START Information

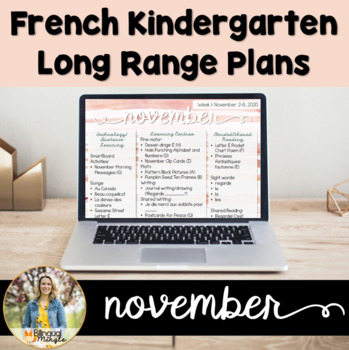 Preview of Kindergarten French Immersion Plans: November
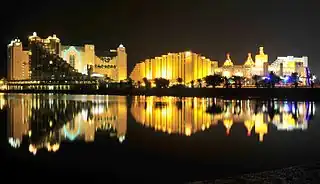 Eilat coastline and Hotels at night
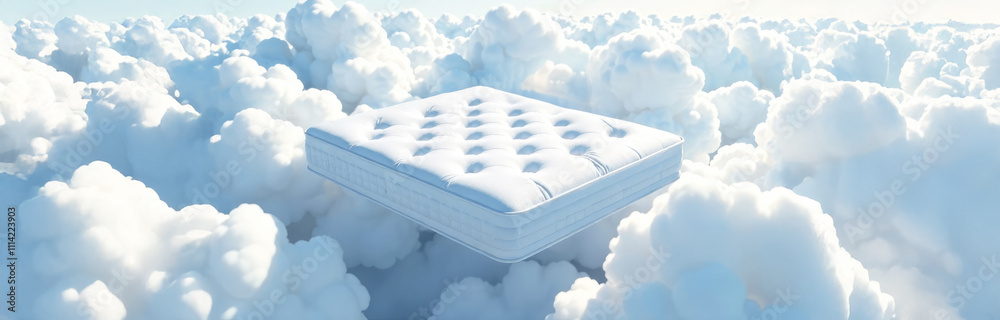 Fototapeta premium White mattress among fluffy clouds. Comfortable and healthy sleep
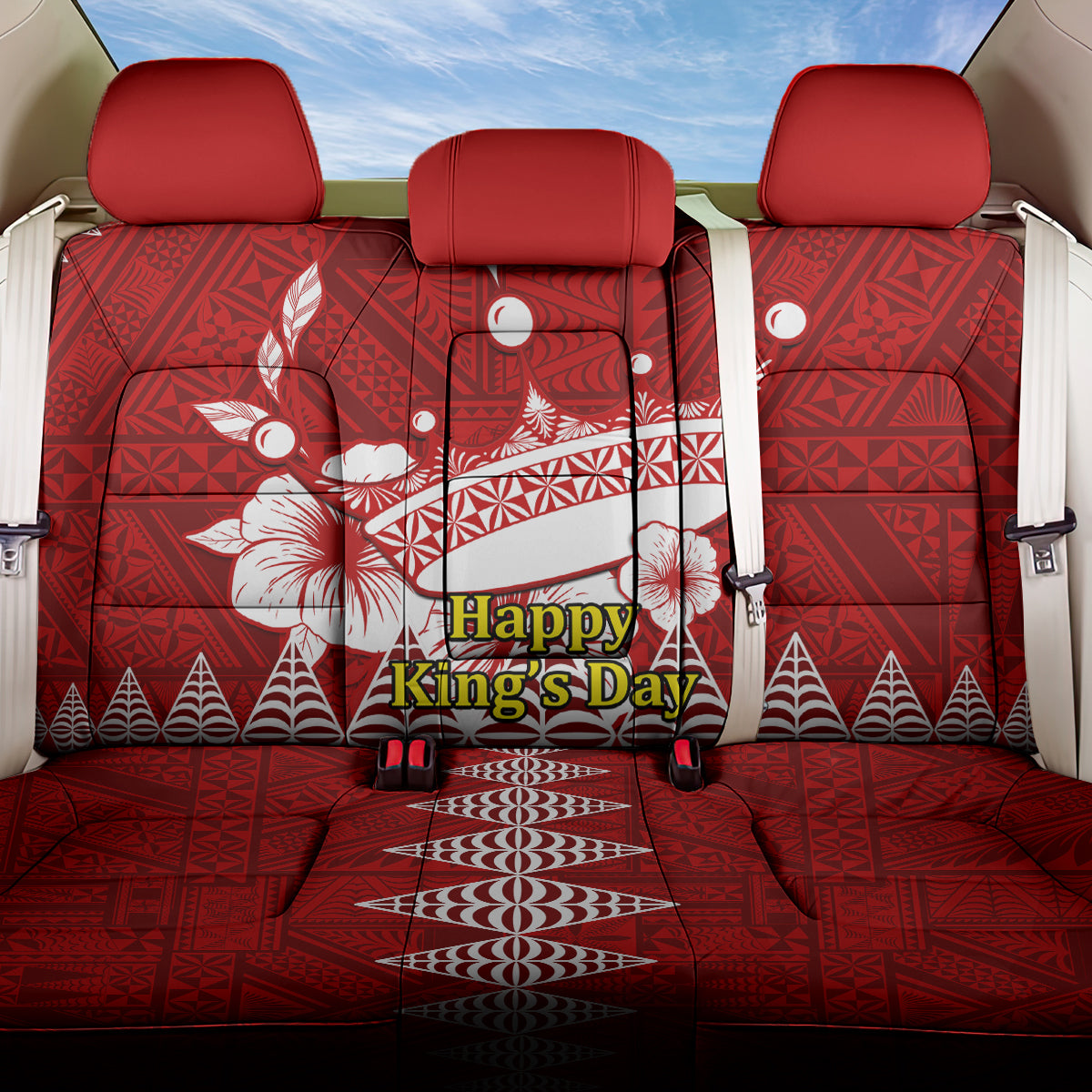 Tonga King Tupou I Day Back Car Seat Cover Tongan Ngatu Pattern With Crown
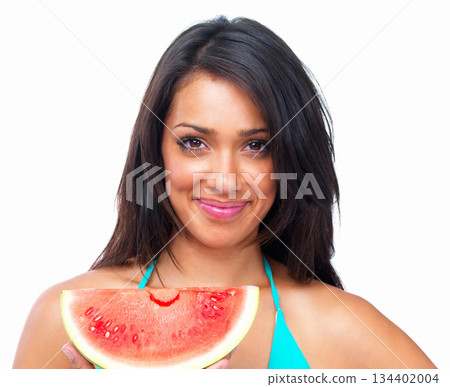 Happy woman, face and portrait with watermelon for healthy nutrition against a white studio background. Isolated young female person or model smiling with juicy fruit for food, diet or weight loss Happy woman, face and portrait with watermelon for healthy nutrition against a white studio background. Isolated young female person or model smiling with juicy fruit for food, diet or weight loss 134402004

END Information
START Information

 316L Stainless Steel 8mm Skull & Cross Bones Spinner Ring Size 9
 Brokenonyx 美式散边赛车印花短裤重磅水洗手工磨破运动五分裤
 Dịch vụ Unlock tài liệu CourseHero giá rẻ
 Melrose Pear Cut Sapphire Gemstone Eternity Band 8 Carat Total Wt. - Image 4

END Information

_Assigned task_
What you return must match, character for character, the lines above from the one with "Tonga King Tupou" through the one with "weight loss 134402004", minus any pictures.

_Written answer_
 Tonga King Tupou I Day Back Car Seat Cover Tongan Ngatu Pattern With Crown
 Happy woman, face and portrait with watermelon for healthy nutrition against a white studio background. Isolated young female person or model smiling with juicy fruit for food, diet or weight loss Happy woman, face and portrait with watermelon for healthy nutrition against a white studio background. Isolated young female person or model smiling with juicy fruit for food, diet or weight loss 134402004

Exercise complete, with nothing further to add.